Each of these terms consists of a number multiplied by a variable, or sometimes just a standalone number, but in this expression, each comes with a variable component.

Like terms are those terms which have the same variable raised to the same power. This means they can be combined together. Let's take a closer look at the expression \(5c - 2d + 3d - d\). Here, the like terms are \(-2d\), \(+3d\), and \(-d\). All these terms share the same variable, \(d\), and can be added or subtracted from one another.
Although \(5c\) is also a term, it is not like any of the other terms because it contains a different variable \(c\). Identifying like terms is essential for simplifying algebraic expressions and solving equations.

The coefficient in a term is the numerical factor that multiplies the variable within the term. In other words, it's the number in front of the variable.

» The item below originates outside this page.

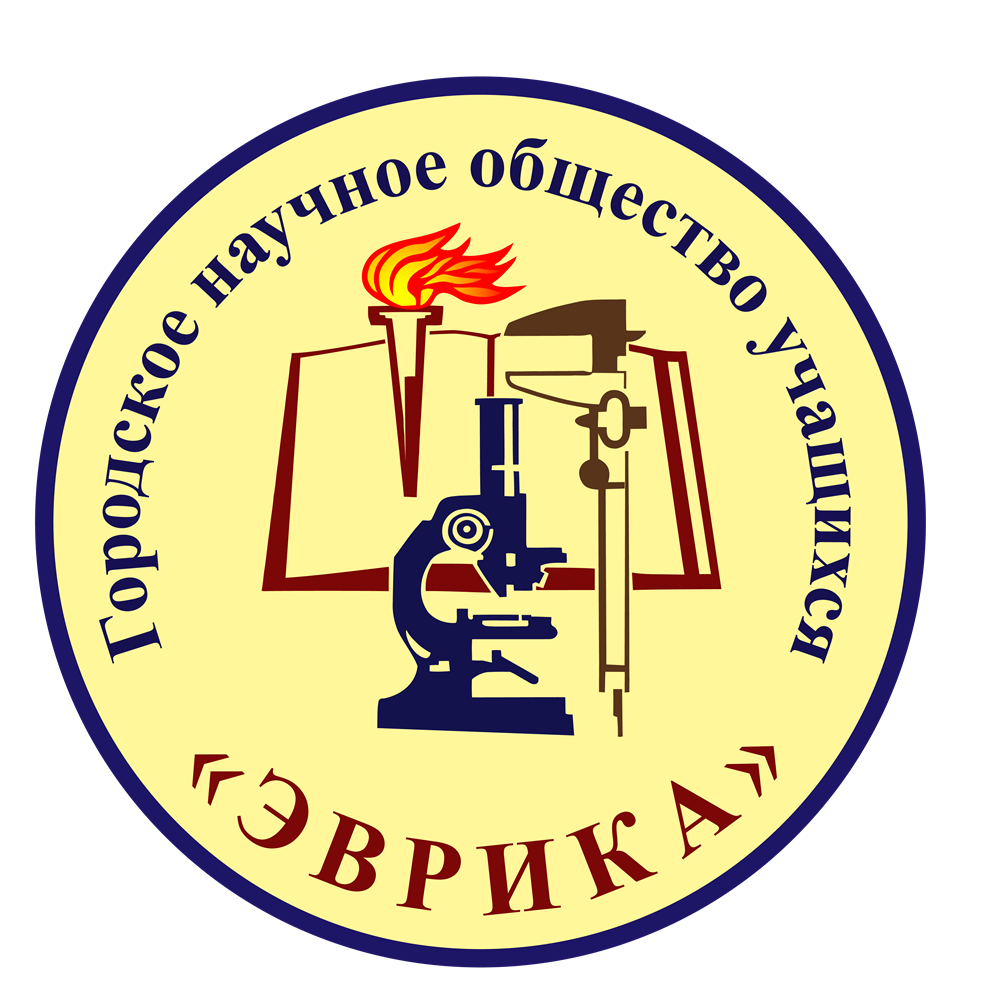 Научное общество в школе. Эмблема ноу Эврика. Научное общество учащихся. Эмблема научного общества. Научное общество учащихся эмблема.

Taking the example expression \(5c - 2d + 3d - d\):

• The term \(5c\) has a coefficient of \(5\).
• The term \(-2d\) has a coefficient of \(-2\).
• The term \(+3d\) has a coefficient of \(+3\).
• The term \(-d\) can be rewritten as \(-1d\), so its coefficient is \(-1\).

This makes coefficients extremely important because they impact the value represented by the variable in an algebraic term.

In algebraic expressions, constants are the terms without variables. They maintain a fixed value and do not change. However, examining the expression \(5c - 2d + 3d - d\), you will notice that there are no constants present.
Every term in this expression involves a variable, either \(c\) or \(d\). It illustrates that not all expressions have constants, but when they do, they are typically standalone numbers that can be counted on to remain the same regardless of other variables in an expression. Understanding the role of constants aids in simplifying expressions and solving equations.